How to Become an LPN: Licensed Practical Nurse Education & Licensing
Learn what it takes to prepare for a career as a Licensed Practical Nurse.
What you’ll do: You’ll provide basic bedside care for the sick, injured and convalescent, under the direction of physicians and registered nurses. You’ll do such tasks as give injections, take vital signs, perform diagnostic tests, dress woulds and administer medication.
Where you’ll work: Health care facilities such as hospitals, nursing homes, mental health institutions, private homes, community health clinics, and public health departments
Degree you’ll need: Graduation from an accredited LPN program and pass the National Council Licensure Exam.
Median annual salary: $45,030*
In order to become a practicing LPN, you’ll need a high school diploma or GED, and then you’ll need to graduate from an accredited LPN program. LPN programs generally include one year of coursework and practical application at a hospital, vocational technical school or community college.
Standard coursework in an LPN program—in addition to supervised clinical practice in patient care—covers the following studies:
- Emergency medical technology
- First aid
- Physical education
- Foods and nutrition
- Child growth and development
LPN to RN
Licensed practical nurses often transition into registered nursing.
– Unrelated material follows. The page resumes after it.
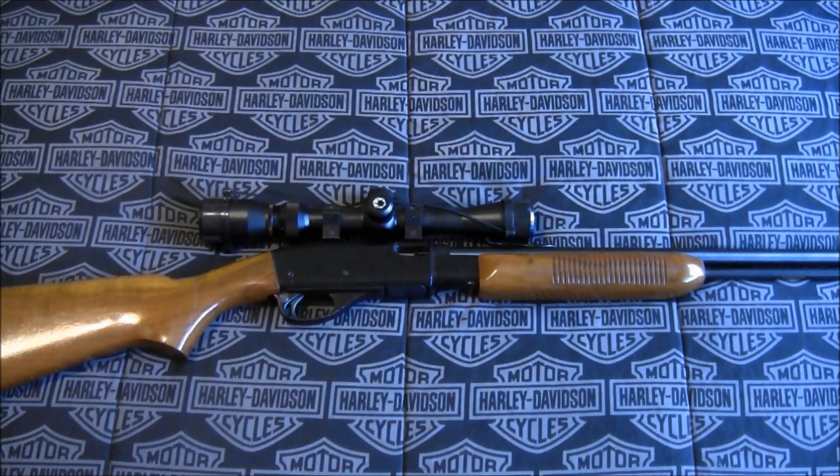Hey guys, Gunwild here and welcome to Rimfire Madness. Today we're going to take a look at an older rifle, and that is the Remington Fieldmaster model 572.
You can go back to the technical school or community college for an additional year to earn an associate’s degree, which will qualify you to become a Registered Nurse after taking the NCLEX exam in your state. Another way to become an RN is to enter an LPN to Baccalaureate program. Some colleges have special LPN programs which will allow you to get credit for some of your prior courses, and then go on to earn a BSN degree and RN. These are called LPN-to-BSN Programs.
To earn an LPN license, you must pass a state administered nursing examination, called the NCLEX-PN. To qualify to sit for the NCLEX-PN exam, you must first complete a LPN/LVN education program that is approved by your state’s Board of Nursing.
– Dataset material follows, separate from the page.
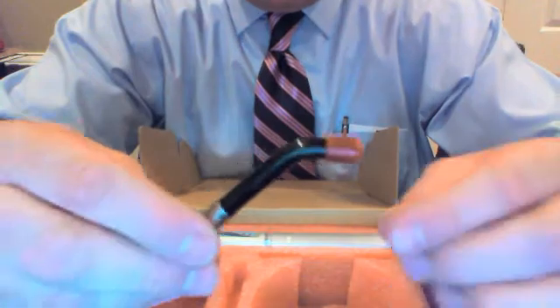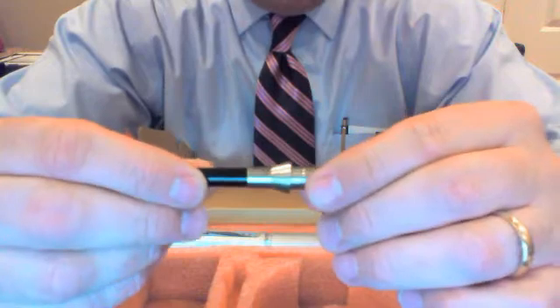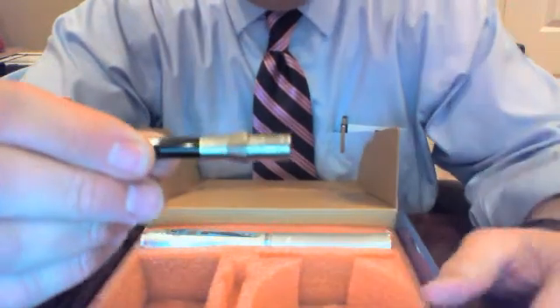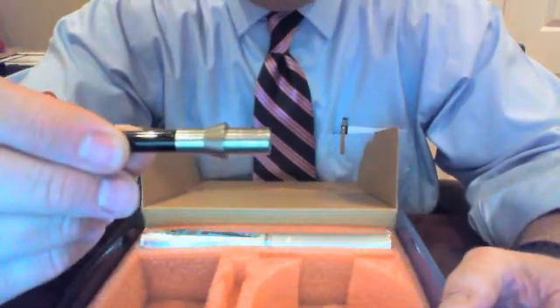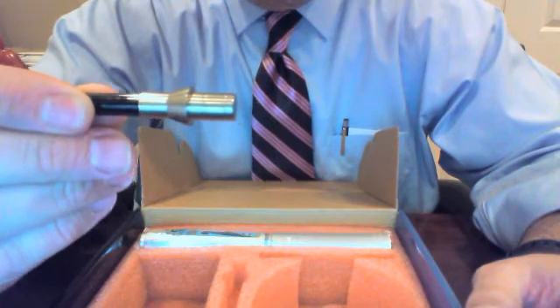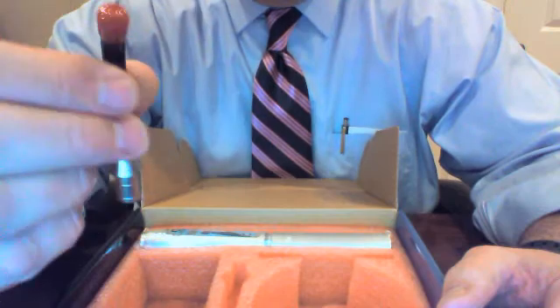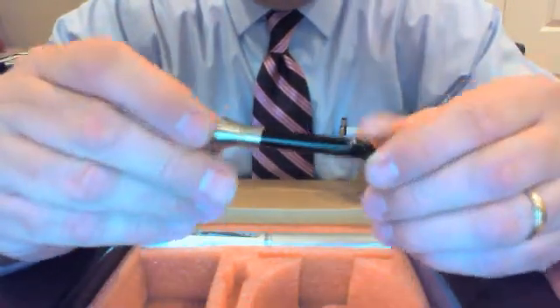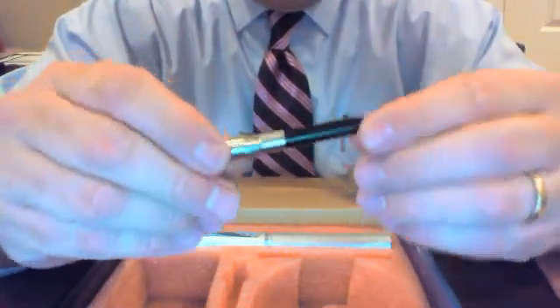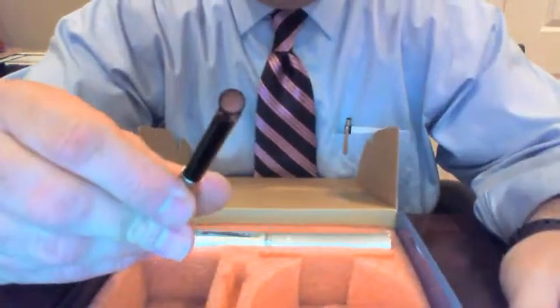Our light guide is a fiber light guide and it comes with a protective tip. You'll notice when you unpackage this, the machine tooling is very, very impressive, and it actually sucks down into the light. You'll be very impressed with the workmanship on this light guide, something we also sell replacements for. This is our light guide, and you can see the fiber tip.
Sources: U.S. Bureau of Labor Statistics 2018-19 Occupational Outlook Handbook; Licensed Practical and Licensed Vocational Nurses.
*The salary information listed is based on a national average, unless noted. Actual salaries may vary greatly based on specialization within the field, location, years of experience and a variety of other factors. National long-term projections of employment growth may not reflect local and/or short-term economic or job conditions, and do not guarantee actual job growth.